Net signed contracts of $1.24 billion and 1,522 units, rose 14% in dollars and 22% in units compared to fiscal year 2016's first quarter.


The average price of net signed contacts was $817,000 compared to $870,000 in last year's first quarter.


In total net contract units and dollars with double-digit increases in each of the last three quarters and for the first three weeks of fiscal year 2017 second quarter non-binding reservation deposits were up 16% in units compared to the same period in fiscal year 2016.


Deliveries are projected to increase from 6100 in fiscal year 2016 to between 6700 and 7500 in fiscal year 2017.


The other income and income from joint ventures, unconsolidated entities, is projected to increase from $100 million in fiscal year 2016 to be between $160 million and $200 million in fiscal year 2017.


This should produce significantly higher earnings per share in fiscal year 2017 versus 2016 and improve our ROE to 12% of beginning equity.


We signed 66 agreements in the first quarter, double last year's first quarter total and we have taken 30 additional deposits in the last three weeks, all at average price of over $1.2 million.


In total, our portfolio includes in excess of 10,000 units built, in construction, or planned across the nation.


Last night we announced that we will begin paying quarterly dividend equal to $0.08 per share or approximately 1% annualized of our current share price.


We were able to exceed our delivery expectation this quarter. This fact along with our first quarter-end backlog being up 19% in dollars and 21% in units as well as the increase the midpoint of our guidance range by 100 units for full fiscal year 2017, we now project revenues and deliveries at a range of $5.2 billion to $6.2 billion and 6,700 to 7,500 units.


For fiscal year 2017's second quarter, we project deliveries of between 1,350 and 1,650 units at an average delivered sales price of between $810,000 and $835,000.


Adjusted gross margin is expected to be between 23.8% and 24.2% of revenues, while SG&A is projected to be about 11.4% of revenues in our second quarter.

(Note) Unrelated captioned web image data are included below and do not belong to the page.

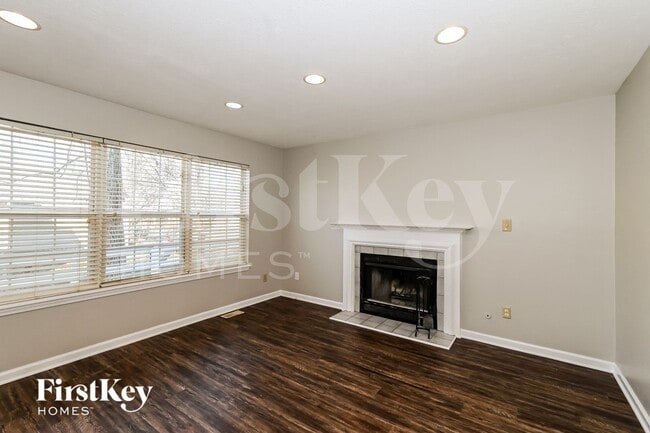 Foto del edificio - 4804 Oakton Way
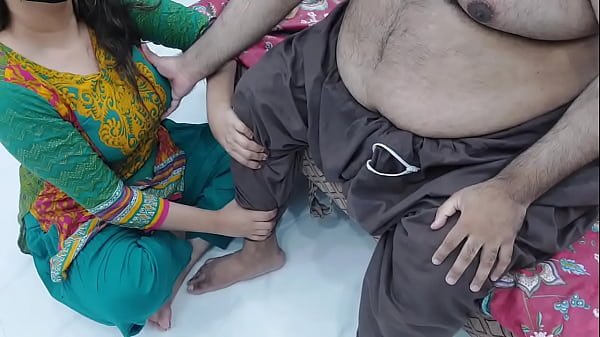 Cewek India Anak Tiri Lagi Pijit Kaki Sambil Gue Pegang Teteknya, Makin Panas Dengan Suara Hindi Mesum Yang Jelas Banget.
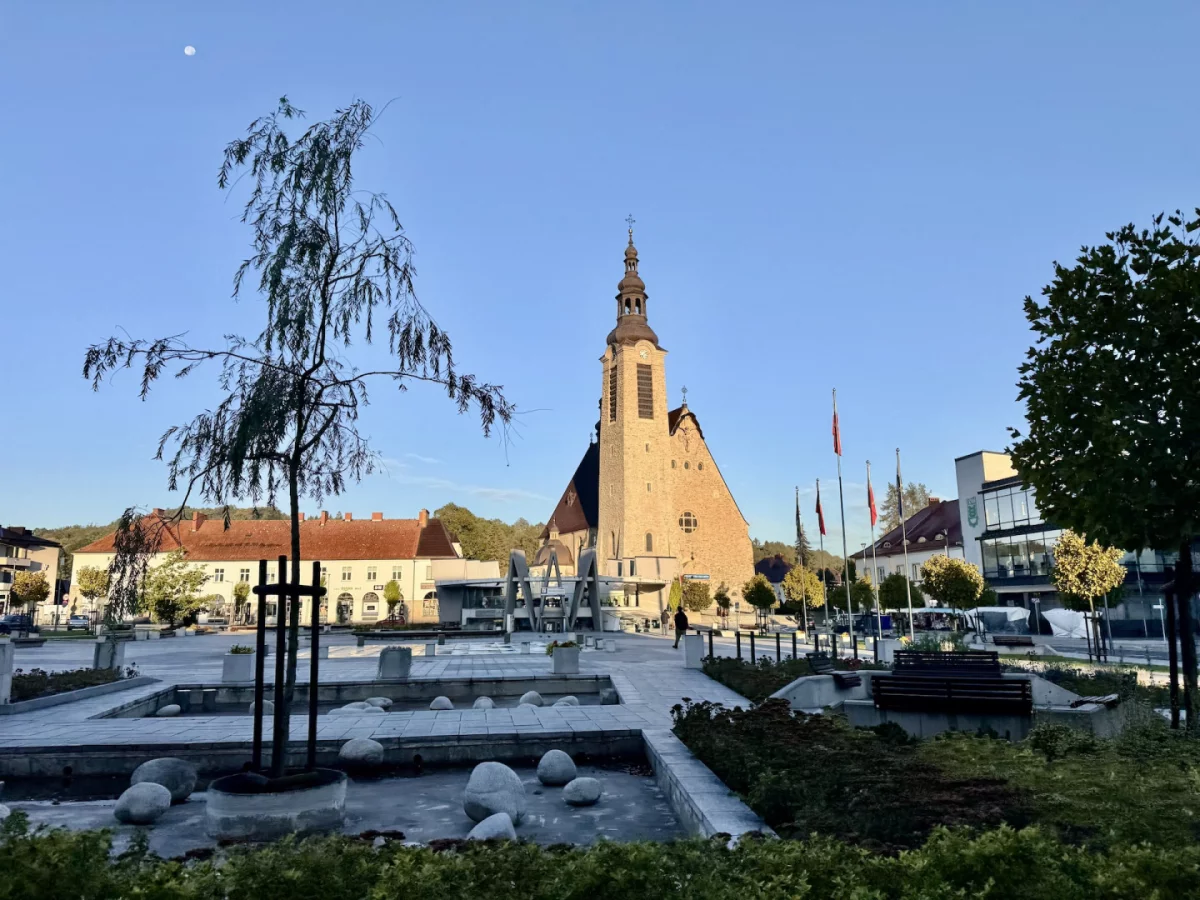 Rynek o poranku w Limanowej (wrzesień 2024)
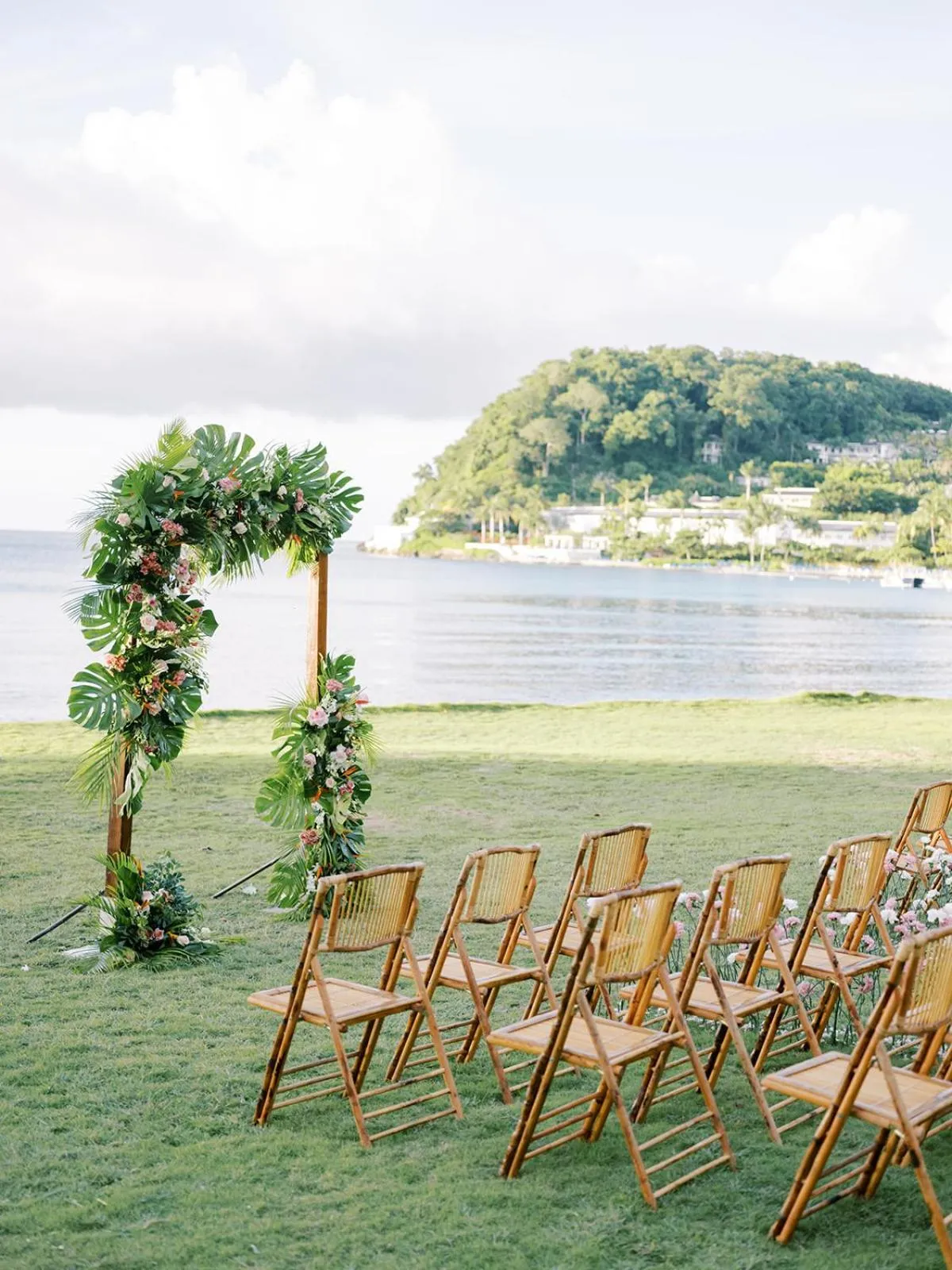 wedding in Round Hill Hotel & Villas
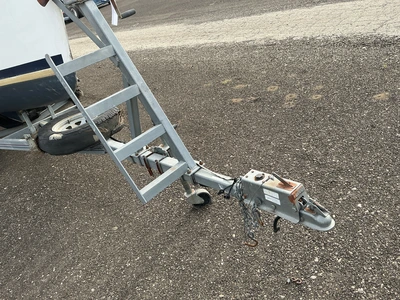 USED 1998 HUNTER TBD
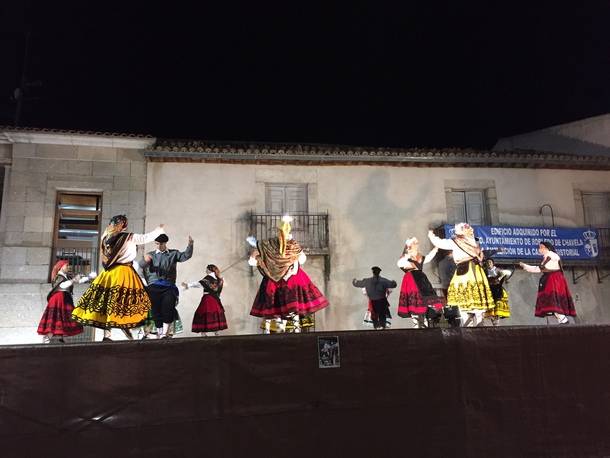 Robledo acogió el IV Encuentro de Bailes Regionales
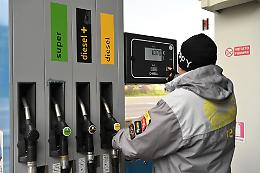 Codacons: &laquo;Attacco all&rsquo;Iran, rischio stangata su carburanti, bollette e prezzi&raquo;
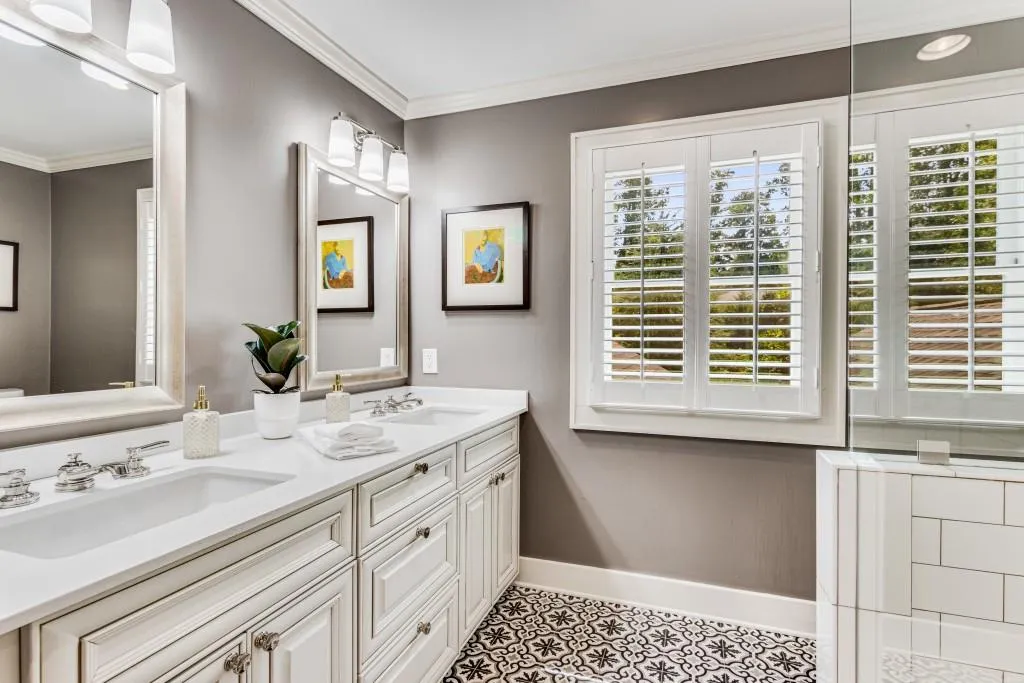 740 Weatherly Lane, Sandy Springs, Georgia 30328, 4 Bedrooms Bedrooms, ,3 BathroomsBathrooms,Residential,Sold,740 Weatherly Lane,7275458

Other income and income from unconsolidated entities is projected to be between $40 million and $60 million.


Our Q2 tax rate should be around 37.5% and our share count should average approximately 170.8 million shares in our second quarter.

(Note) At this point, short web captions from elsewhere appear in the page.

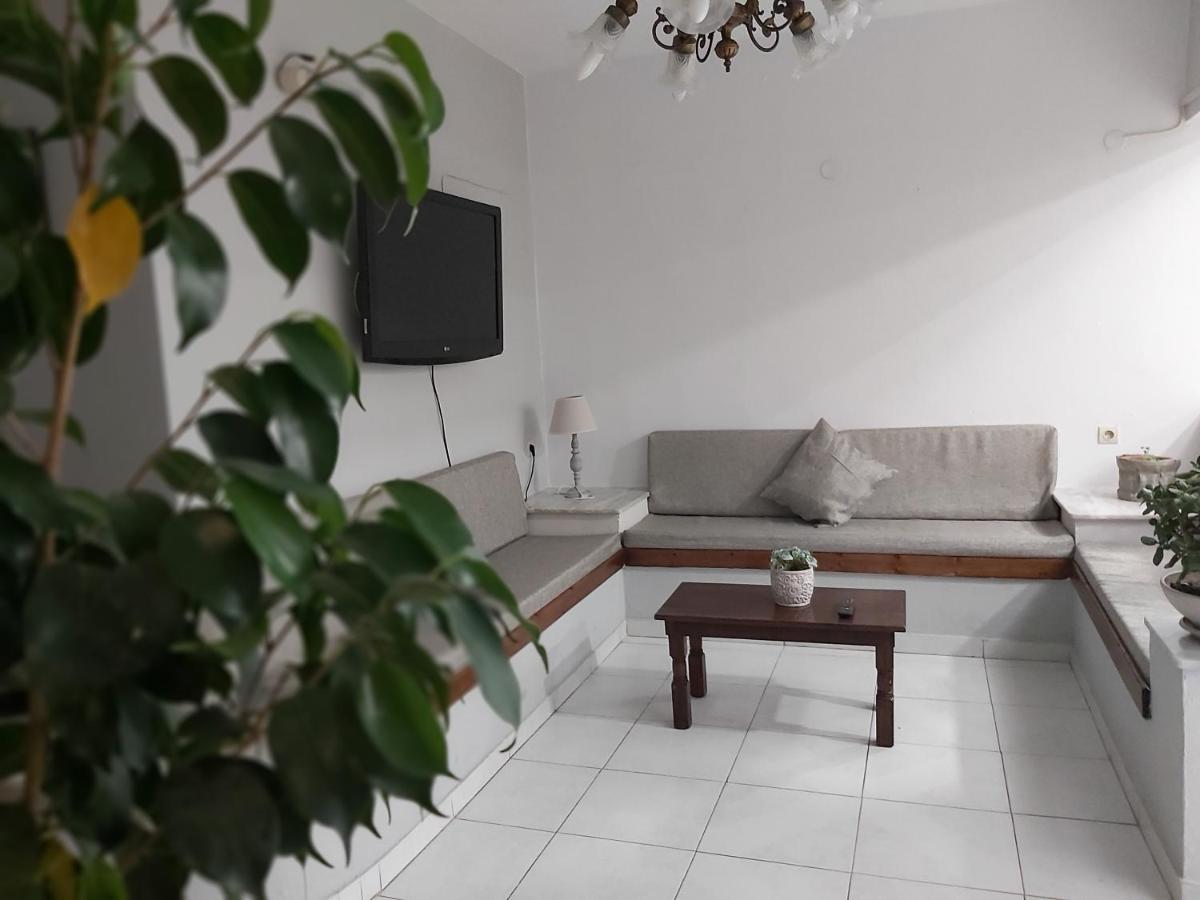 Pánormos Kasteli Studios & Apartments מראה חיצוני תמונה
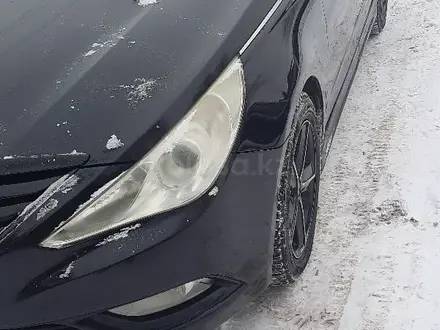 Hyundai Sonata 2010 года за 5 500 000 тг. в Астана – фото 2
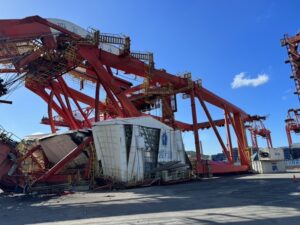 Container crane collapses at Keelung Port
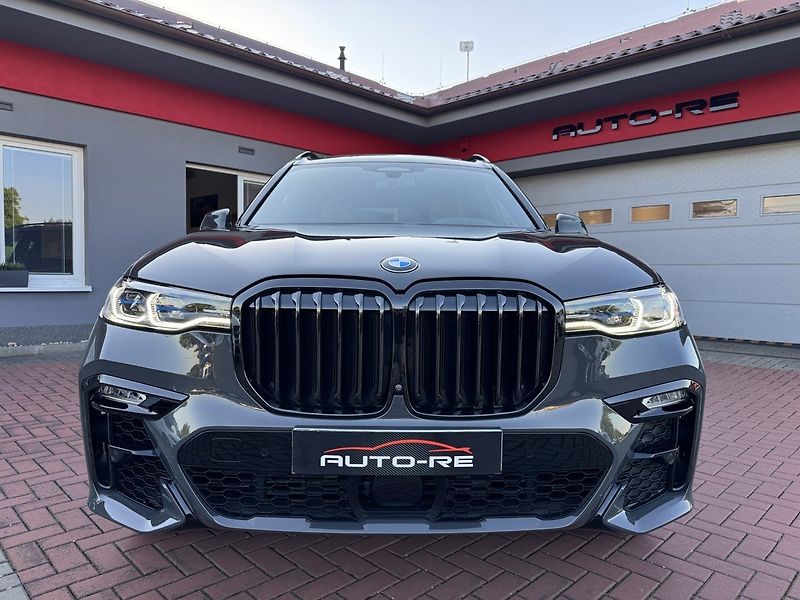 BMW X7 (2021) xDrive 40d M-Paket Pano - fotka 5 z 49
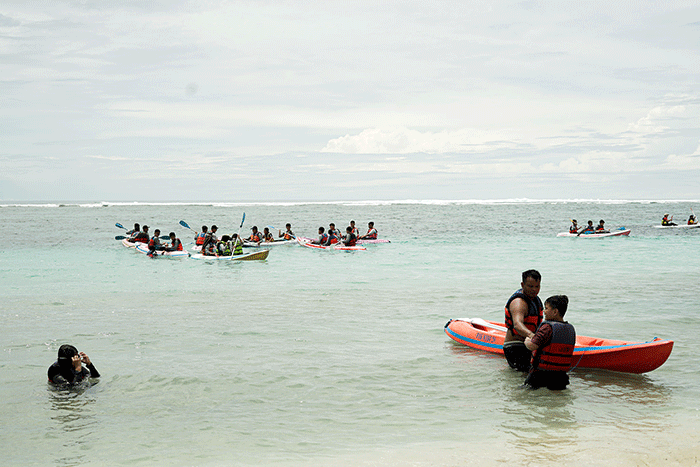 Wisatawan berswafoto di Pantai Pandawa, Kuta Selatan, Bali, Rabu (21/12/2022).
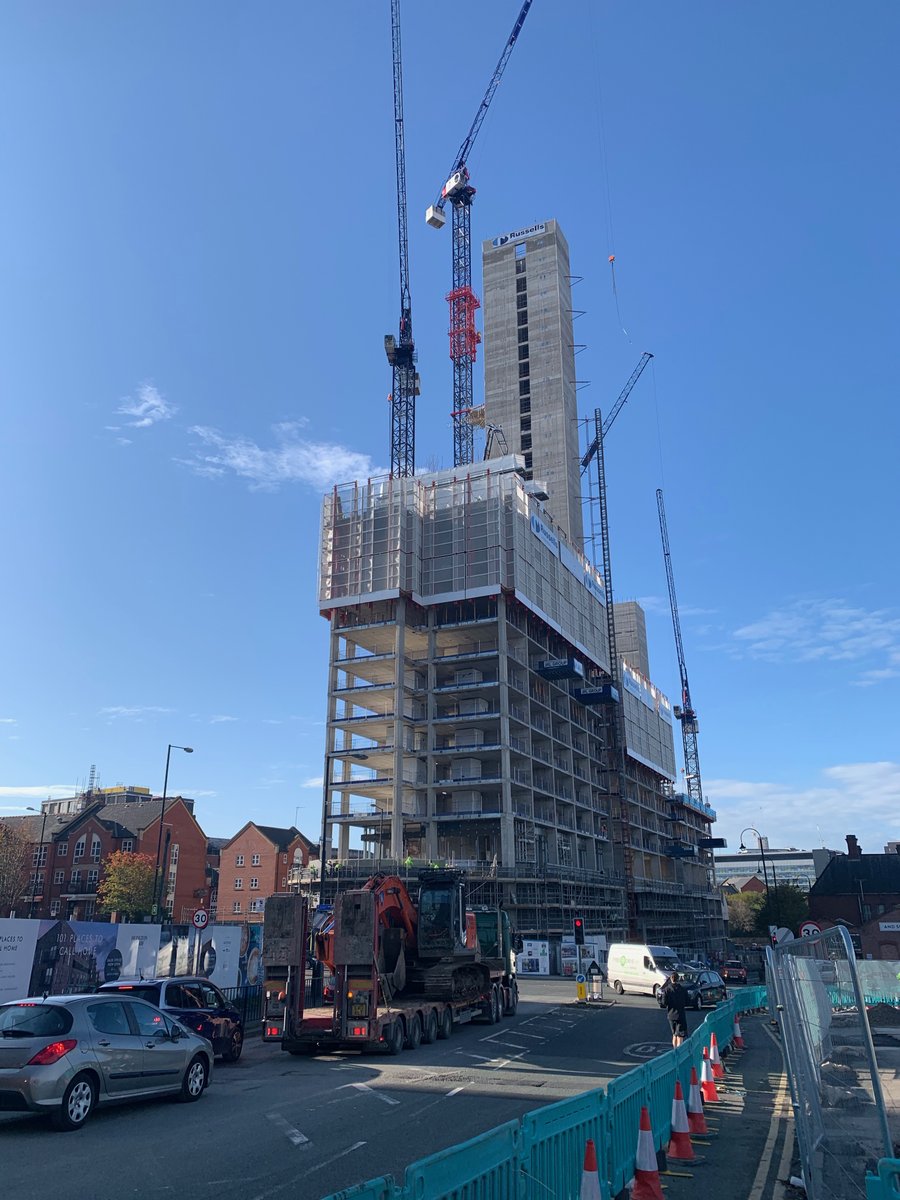 Towering above Manchester’s Piccadilly Basin district is #OxygenTower from @allianceinv and Russell Construction. Premier Guarantee is the proud provider of #structuralwarranty

@allianceinv @Prop_Alliance @MatthewsArch

#newbuild #architecture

We remain focus on our return on equity and expect to see 12% ROE for the full 2017 year and make further strides in 2018 through various strategic initiatives as well as our core operations.


As an example of one such initiative, in December we formed a joint venture at a large New York City project and essentially reduced Toll's equity commitment from about $350 million if we had build the project alone our balance sheet, to $30 million as a joint venture project with outside equity and construction financing.